L’officialisation de la relation entre Monica et Chandler en début de saison 7 scelle le sort de la série. L’interminable préparation de leur mariage est un festival de désaveux, de souillures des personnages qui ne pensent désormais qu’à s’installer. Chandler devient une loque émasculée, dont les variations physiques de son interprète Matthew Perry suite à ses problèmes d’addiction sont peut-être les derniers restes d’humanité. Monica explose littéralement en control-freak castratrice, imbuvable, et ses rares élans de générosité sont avant tout motivés par sa compétitivité pathologique. Même les quelques flashbacks du temps de son obésité ne tournent plus qu’autour du running gag “hihi, regardez, elle est grosse“, là où les créateurs de la série s’en servaient auparavant pour expliquer ses failles actuelles.

Pendant ce temps, toutes les combinaisons amoureuses sont testées entre les autres personnages, en vain, puisque la raison narrative finira par l’emporter. Phoebe épousera Mike, le gentil rêveur, Rachel et Ross épuiseront un stock considérable de casus belli anecdotiques avant de finir ensemble dans l’ultime épisode, et Joey, après une tentative de romance avec Rachel (qui lui enlève toute singularité le temps de cette pénible digression), reste une nouvelle fois seul mais il l’accepte. Il embrasse sans souci ni remords sa vie de célibataire instable, sans attache. Est-ce pour cette raison que les scénaristes l’infantilisent de plus en plus souvent, n’hésitant pas à l’assimiler au mieux à un gosse, au pire à un débile léger ? Il est tentant de le penser.

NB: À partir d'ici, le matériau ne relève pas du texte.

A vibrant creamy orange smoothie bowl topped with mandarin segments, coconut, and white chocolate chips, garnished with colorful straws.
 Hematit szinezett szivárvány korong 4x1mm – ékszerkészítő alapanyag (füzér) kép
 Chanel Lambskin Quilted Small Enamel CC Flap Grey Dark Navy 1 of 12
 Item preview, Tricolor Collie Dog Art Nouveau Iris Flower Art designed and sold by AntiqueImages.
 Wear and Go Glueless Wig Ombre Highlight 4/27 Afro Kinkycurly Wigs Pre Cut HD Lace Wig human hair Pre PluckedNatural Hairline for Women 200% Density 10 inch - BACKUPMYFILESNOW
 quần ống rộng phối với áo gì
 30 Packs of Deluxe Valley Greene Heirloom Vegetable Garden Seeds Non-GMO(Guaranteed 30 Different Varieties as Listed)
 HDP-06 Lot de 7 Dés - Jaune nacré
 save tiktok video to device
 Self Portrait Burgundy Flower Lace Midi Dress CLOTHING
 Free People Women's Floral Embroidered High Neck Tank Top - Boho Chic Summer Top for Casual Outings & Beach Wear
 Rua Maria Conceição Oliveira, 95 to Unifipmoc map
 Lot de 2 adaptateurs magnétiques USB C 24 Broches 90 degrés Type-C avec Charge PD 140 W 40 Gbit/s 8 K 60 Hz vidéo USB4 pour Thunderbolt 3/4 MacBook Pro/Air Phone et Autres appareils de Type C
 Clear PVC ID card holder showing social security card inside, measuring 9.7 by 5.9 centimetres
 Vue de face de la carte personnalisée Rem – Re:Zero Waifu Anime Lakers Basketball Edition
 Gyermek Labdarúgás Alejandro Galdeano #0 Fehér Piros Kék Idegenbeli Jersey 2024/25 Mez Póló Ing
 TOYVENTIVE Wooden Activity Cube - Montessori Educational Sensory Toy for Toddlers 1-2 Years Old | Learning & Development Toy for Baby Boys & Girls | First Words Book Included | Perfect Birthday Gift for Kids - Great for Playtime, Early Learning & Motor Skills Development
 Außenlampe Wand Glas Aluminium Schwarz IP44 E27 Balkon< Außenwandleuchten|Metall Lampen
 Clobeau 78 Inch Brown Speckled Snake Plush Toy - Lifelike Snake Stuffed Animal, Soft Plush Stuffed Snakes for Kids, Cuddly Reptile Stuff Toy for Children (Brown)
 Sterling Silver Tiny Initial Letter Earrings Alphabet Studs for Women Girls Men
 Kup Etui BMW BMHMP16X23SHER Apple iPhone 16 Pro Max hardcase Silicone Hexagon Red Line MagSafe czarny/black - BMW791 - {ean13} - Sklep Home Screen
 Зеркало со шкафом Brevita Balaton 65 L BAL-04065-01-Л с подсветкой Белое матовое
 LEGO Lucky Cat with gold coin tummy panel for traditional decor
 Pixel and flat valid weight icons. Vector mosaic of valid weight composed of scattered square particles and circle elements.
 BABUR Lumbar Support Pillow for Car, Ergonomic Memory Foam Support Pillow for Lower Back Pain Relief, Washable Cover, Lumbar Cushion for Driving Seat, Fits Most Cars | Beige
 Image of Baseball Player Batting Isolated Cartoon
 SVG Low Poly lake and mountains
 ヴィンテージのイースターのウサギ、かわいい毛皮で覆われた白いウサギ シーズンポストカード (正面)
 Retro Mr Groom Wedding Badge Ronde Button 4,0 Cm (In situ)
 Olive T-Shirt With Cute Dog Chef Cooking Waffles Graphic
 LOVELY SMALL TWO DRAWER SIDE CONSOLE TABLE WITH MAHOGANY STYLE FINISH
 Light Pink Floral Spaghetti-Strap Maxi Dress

Cette aspiration normative, que les concepteurs de la série ont a tort considérée comme son évolution logique, a eu raison de la dynamique de groupe. Les Friends sont ensemble sans l’être, obnubilés par leur reconstitution d’un modèle familial qu’ils conchiaient. Ils se vouent à reproduire les erreurs de leurs parents dysfonctionnels (à l’exception de Joey, toujours) en se persuadant qu’ils sont meilleurs qu’eux. Tout du long de la saison 10, tous les personnages croisés par Chandler et Monica n’arrêtent pas de leur répéter qu’ils vont être de bons parents, comme si les créateurs de la série tentaient de se convaincre eux-mêmes.

Friends est la lente histoire d’une trahison qui ne s’assume pas. Un show amputé par ses diffuseurs de ses meilleurs blagues, approprié par ses spectateurs sur la foi de la liberté et de l’extravagance de ses personnages avant qu’on ne les fasse rentrer docilement dans le rang, comme s’il s’agissait de l’unique voie possible. Une série qui peu à peu, relègue la marginalité sur le bas-côté et oublie ses fondements pourtant matriciels : la singularité de chacun et l’amitié dans les temps difficiles.